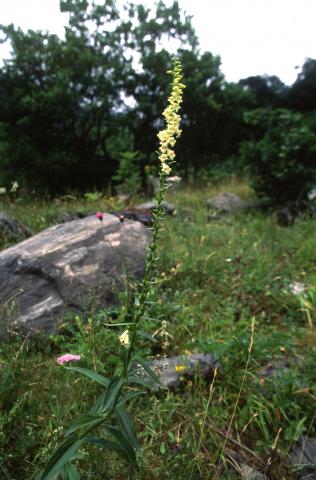 image Digital amarilla o Dedalera de San Jerónimo (Digitalis lutea), en Pirineos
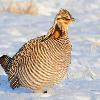 Greater Prairie Chicken in March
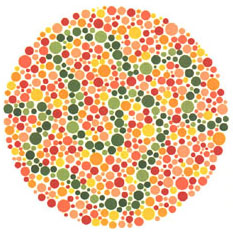 Color Blindness Test Chart Download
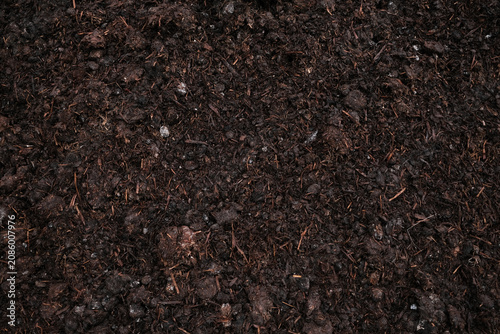 Close-up of moist, fertile garden soil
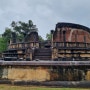 [99번째 나라] 스리랑카 - 폴로나루와 (2023.12.27-28) - 싱할라 왕국의 잊혀진 고대 수도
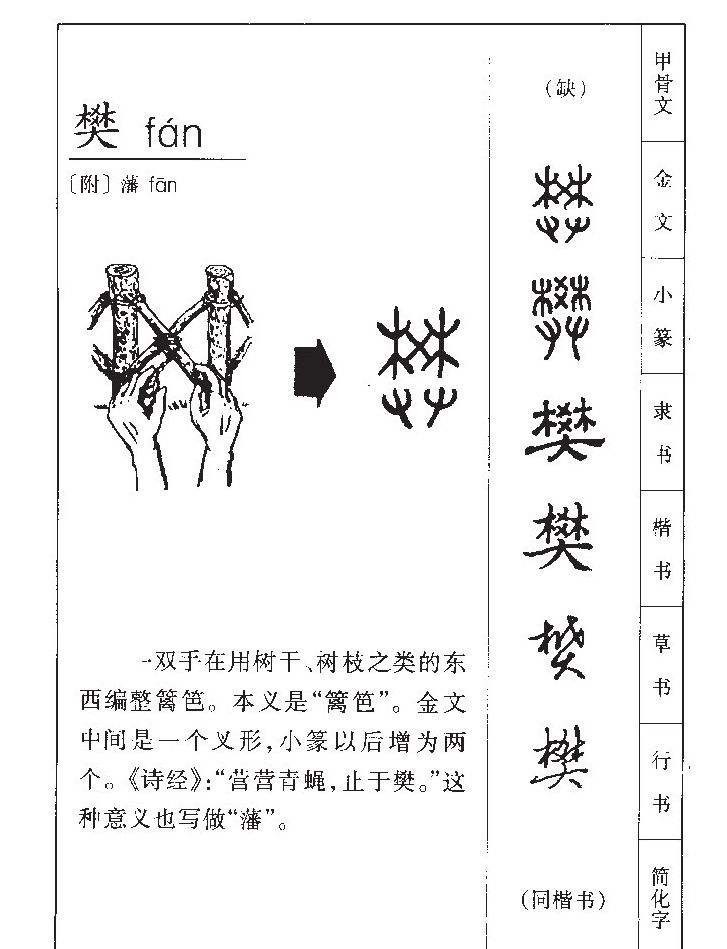 历史|秦始皇陵发现单体金骆驼,那时中原没有骆驼,是新疆人“送”来的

□ □ □ □

Work instruction:
Give back the listing unchanged. Strip out the pictures.

Your response:
 image Digital amarilla o Dedalera de San Jerónimo (Digitalis lutea), en Pirineos
 Greater Prairie Chicken in March
 Color Blindness Test Chart Download
 Close-up of moist, fertile garden soil
 [99번째 나라] 스리랑카 - 폴로나루와 (2023.12.27-28) - 싱할라 왕국의 잊혀진 고대 수도
 历史|秦始皇陵发现单体金骆驼,那时中原没有骆驼,是新疆人“送”来的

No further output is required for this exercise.